**WHAT IS NEEDED**:
Leaving the pictures aside, transcribe every line below exactly.

··· DATA BLOCK

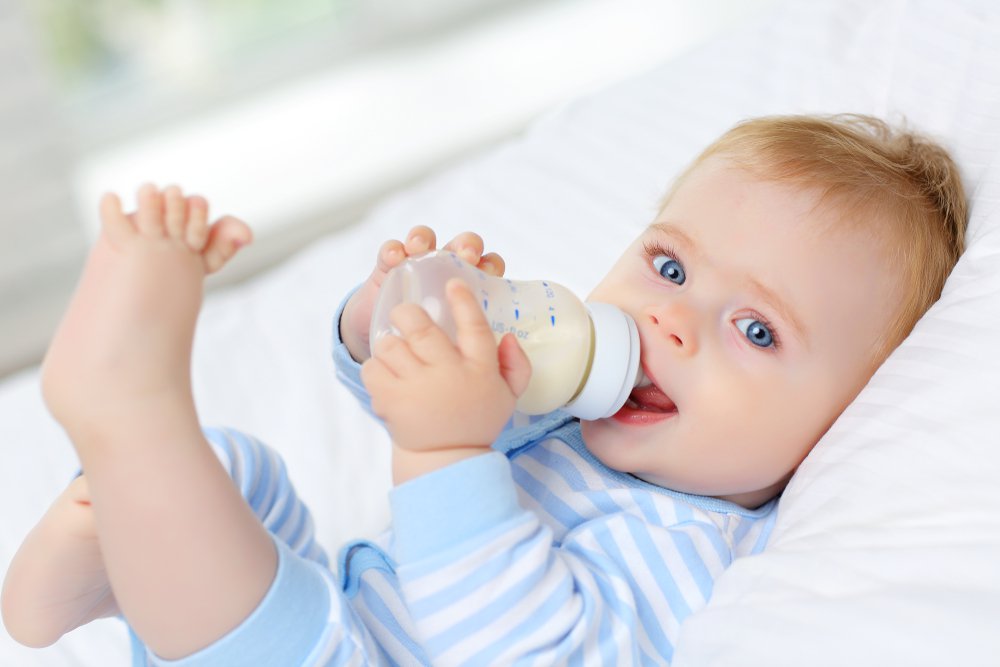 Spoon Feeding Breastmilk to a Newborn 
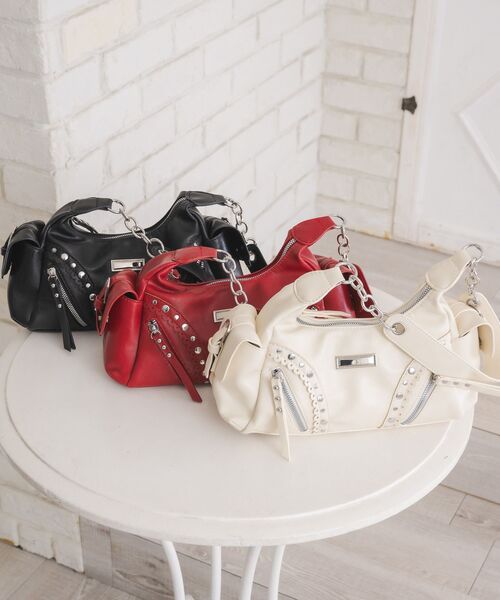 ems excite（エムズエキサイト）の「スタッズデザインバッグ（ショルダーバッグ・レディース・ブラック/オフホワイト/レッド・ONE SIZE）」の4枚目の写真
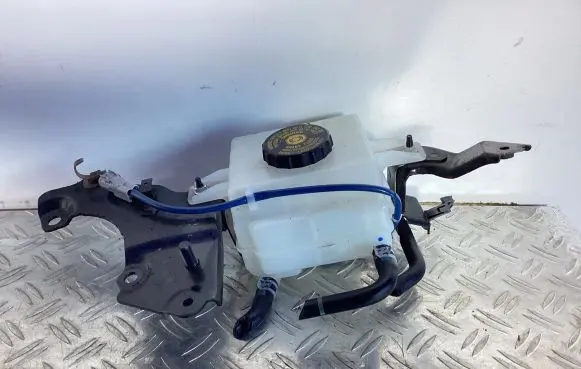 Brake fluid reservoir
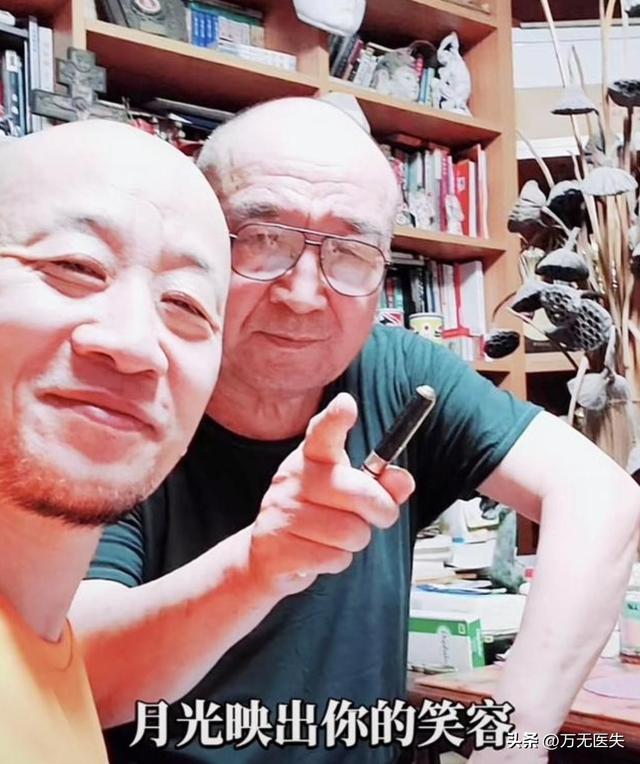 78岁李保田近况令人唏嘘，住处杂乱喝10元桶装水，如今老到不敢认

······

**RESULT BELOW**:
 Spoon Feeding Breastmilk to a Newborn 
 ems excite（エムズエキサイト）の「スタッズデザインバッグ（ショルダーバッグ・レディース・ブラック/オフホワイト/レッド・ONE SIZE）」の4枚目の写真
 Brake fluid reservoir
 78岁李保田近况令人唏嘘，住处杂乱喝10元桶装水，如今老到不敢认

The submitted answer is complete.